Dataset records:
::::::::

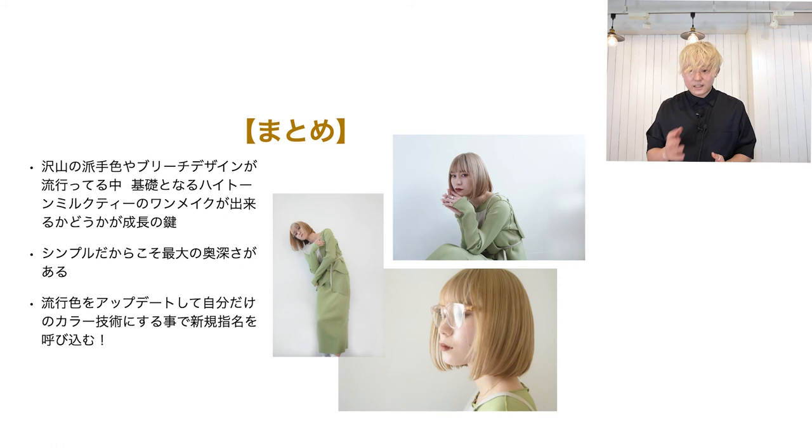有効色をアップデートして自分だけのカラー技術にすることで新規指名を呼び込むことができます。僕の一番の願いは、この動画を通して見てくださった皆さんが明日からブリーチが怖くないとか、難しい履歴のお客さんも安心してできるという自信を持つことです。ぜひ実践してもらって、お客さんが増えたよという方はDMをいただければと思います。以上がまとめになります。次は質疑応答に移りたいと思います。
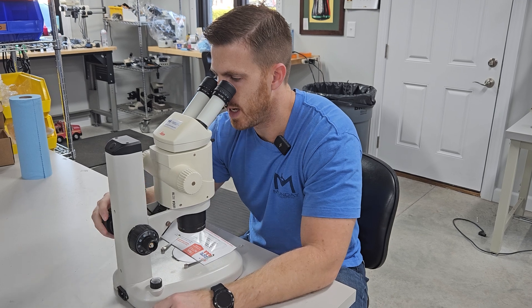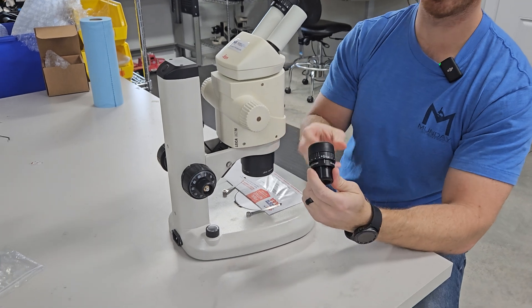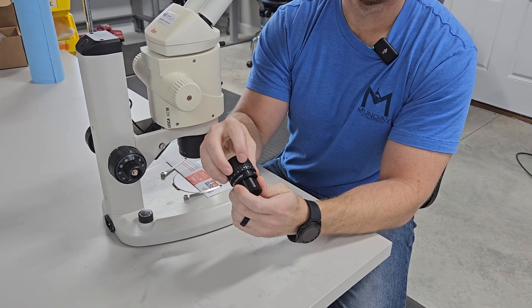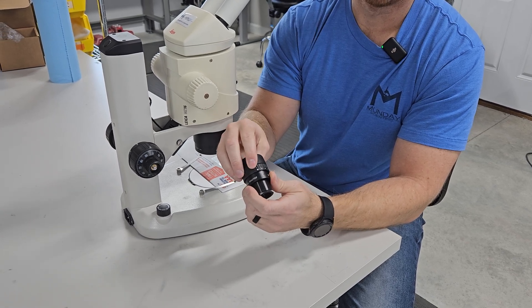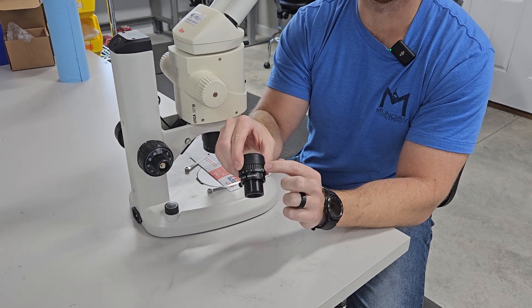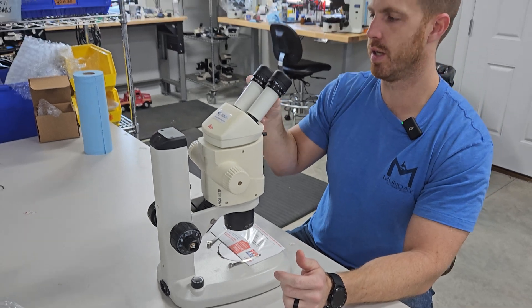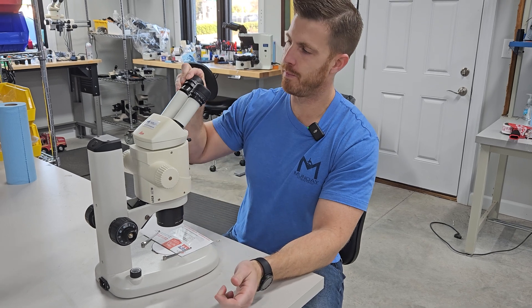Once the specimen is in focus at top magnification, we're going to make sure the eyepieces are zeroed out. The eyepieces have a diopter tube that changes the focus for your eyes. This here is a preset and this here is your zero feature. If you have 20/20 vision you'll want to align these two up — there might be a plus five or negative five number, but you want to make sure both are on zero. If you don't have 20/20 vision, you'll need to adjust a little bit.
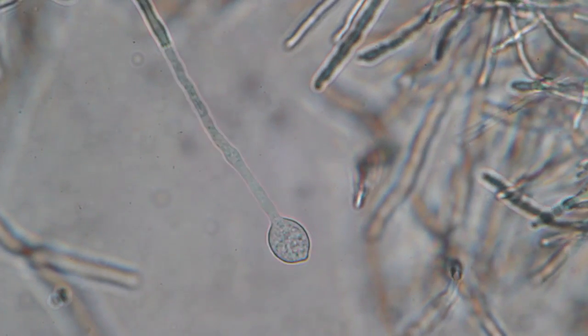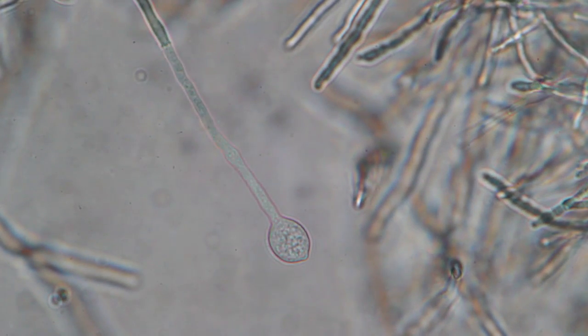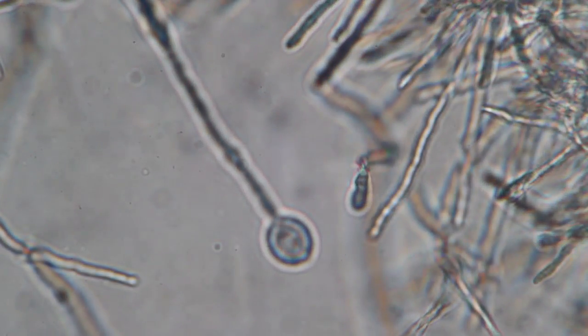Then I found something very interesting. I think this could be a sporangium — they might contain the spores. It was only one of them that I found that looked like that. Otherwise, I did not really know what the significance of this structure is.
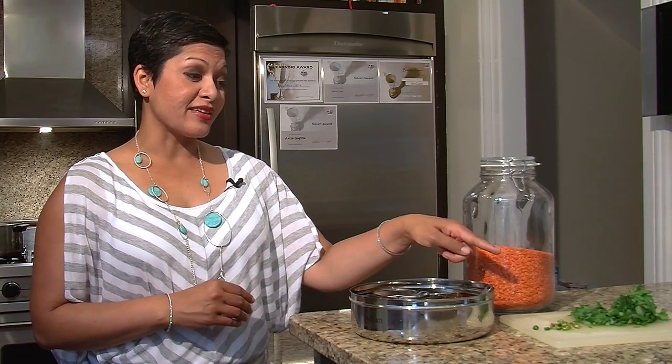Remember, with the lentils, the cooking times are pretty easy to remember, and the amount of water to the lentils is pretty easy as well — it's one cup of lentils to about four cups of water. Cook that on the stovetop for about 20 minutes, and then you're going to add spices and some fresh ingredients like cilantro and green chilies.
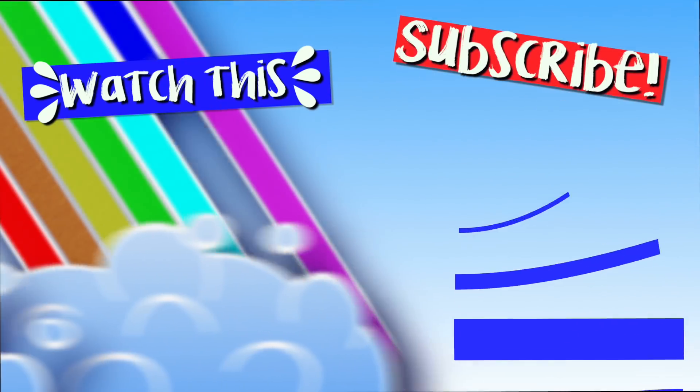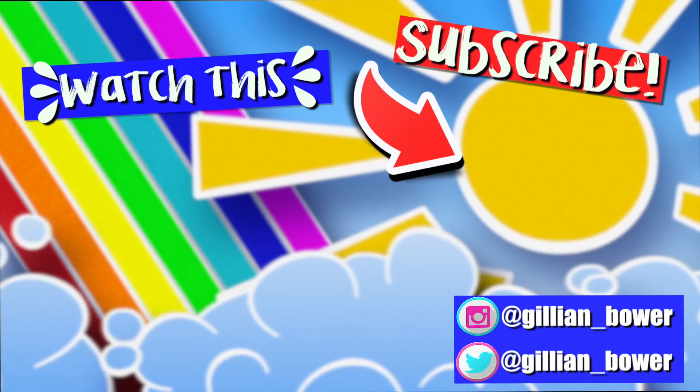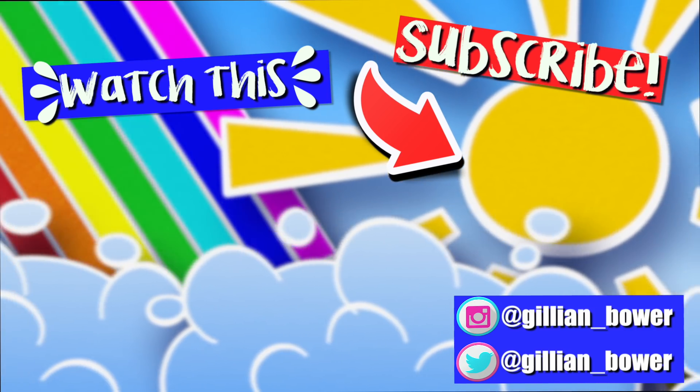I hope you all enjoyed today's video. I had so much fun adding all these super weird and random ingredients to clear slime. Thank you all so much for watching. I love you all so, so much, and I will see you all in my next video. Bye.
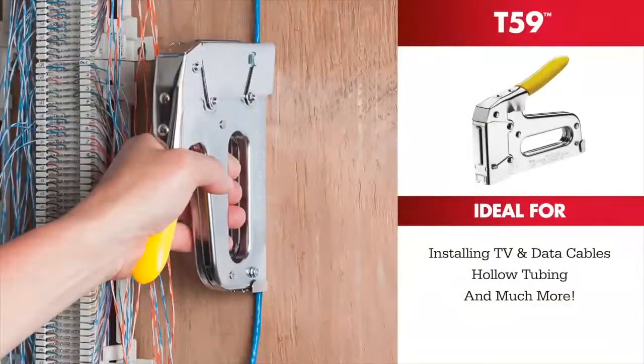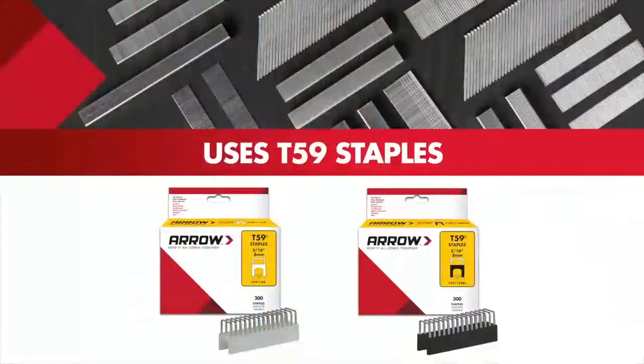Ideal for installing TV and data cables, hollow tubing, and much more. The easy-to-follow color-coded system guides you through staples.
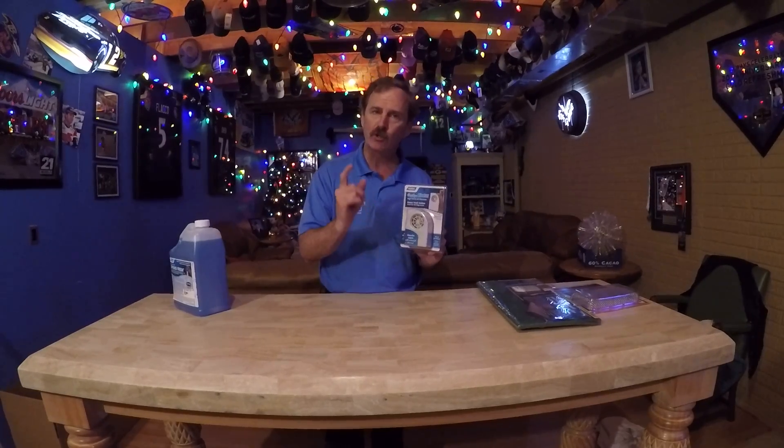This is for the inside of your fridge. How many of you have ever had things freeze up on the top shelf? That happens because there's no circulation in the refrigerator. This will solve that issue.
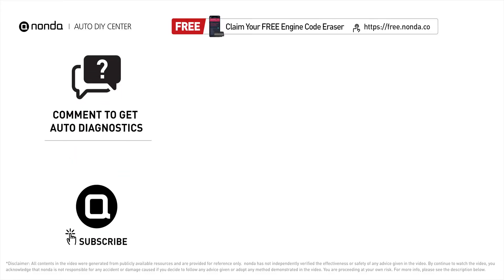To save more money on car expenses, claim a free engine code scanner at the description link below, or check out the video here for more info. You're also welcome to leave comments below — our mechanic professionals will answer them shortly. Don't forget to like and subscribe to our channel. Thanks for watching!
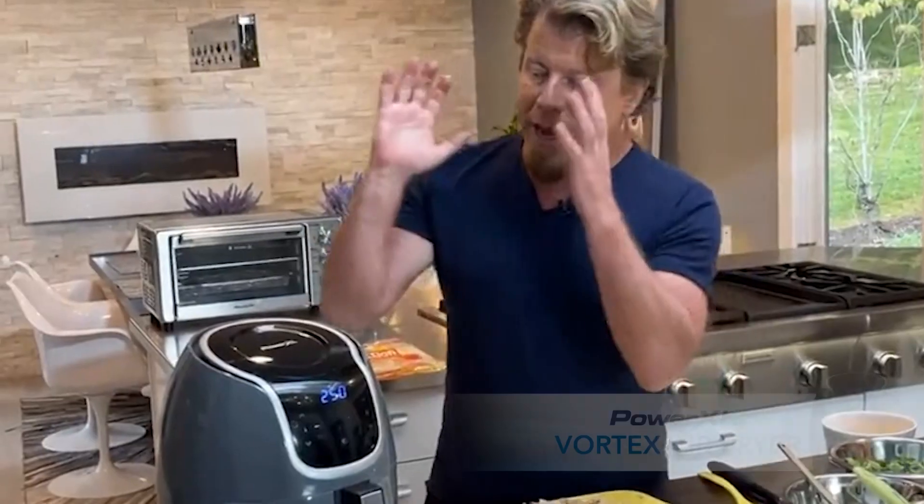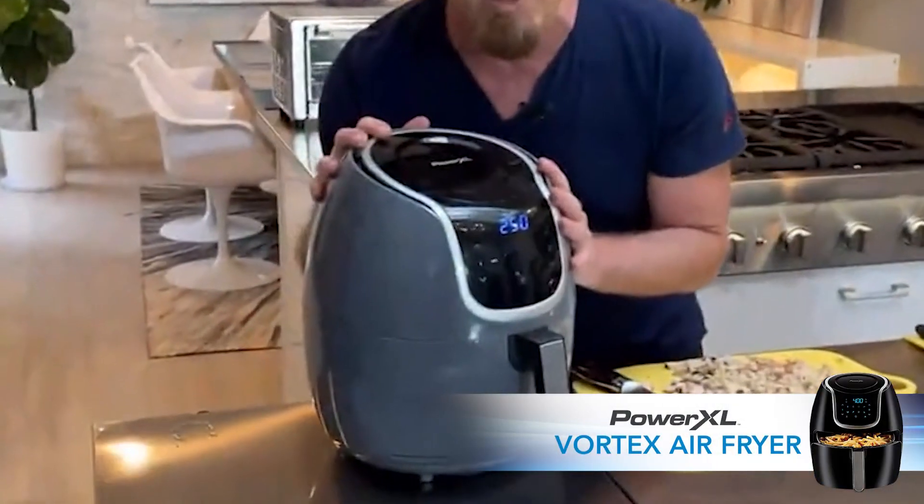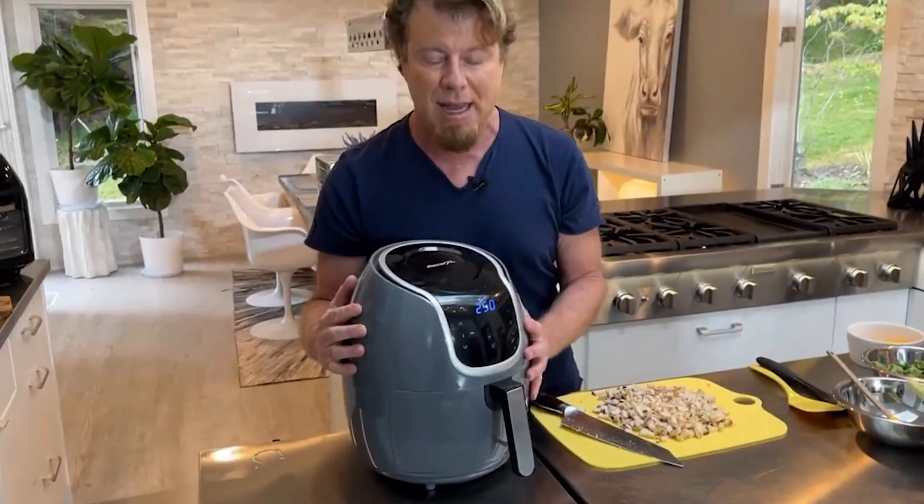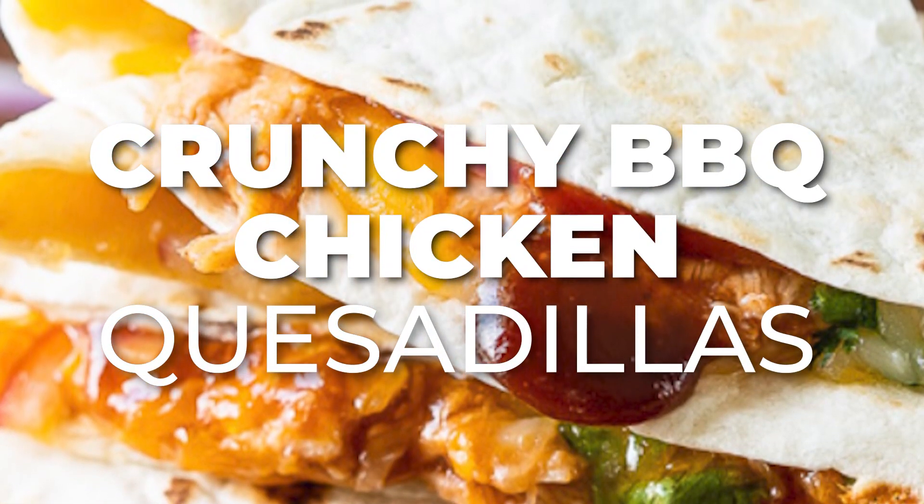So I'm glad you guys are here. Today I chose the PowerXL Vortex. With PowerXL you're literally cooking with 360 degrees of superheated air that envelops your food — that's why you don't need any oil or very little oil. I picked this one because it's perfect for quesadillas. We're doing a super crunchy chicken quesadilla barbecue style. So let's get into cooking.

::::::::

__EXERCISE DIRECTIONS__
Exactly the lines from the one that contains "Remember, with the" through the last line of the records should be set down, and the pictures should be dropped.

__ANSWER TO THE PROBLEM__
Remember, with the lentils, the cooking times are pretty easy to remember, and the amount of water to the lentils is pretty easy as well — it's one cup of lentils to about four cups of water. Cook that on the stovetop for about 20 minutes, and then you're going to add spices and some fresh ingredients like cilantro and green chilies.
I hope you all enjoyed today's video. I had so much fun adding all these super weird and random ingredients to clear slime. Thank you all so much for watching. I love you all so, so much, and I will see you all in my next video. Bye.
Ideal for installing TV and data cables, hollow tubing, and much more. The easy-to-follow color-coded system guides you through staples.
This is for the inside of your fridge. How many of you have ever had things freeze up on the top shelf? That happens because there's no circulation in the refrigerator. This will solve that issue.
To save more money on car expenses, claim a free engine code scanner at the description link below, or check out the video here for more info. You're also welcome to leave comments below — our mechanic professionals will answer them shortly. Don't forget to like and subscribe to our channel. Thanks for watching!
So I'm glad you guys are here. Today I chose the PowerXL Vortex. With PowerXL you're literally cooking with 360 degrees of superheated air that envelops your food — that's why you don't need any oil or very little oil. I picked this one because it's perfect for quesadillas. We're doing a super crunchy chicken quesadilla barbecue style. So let's get into cooking.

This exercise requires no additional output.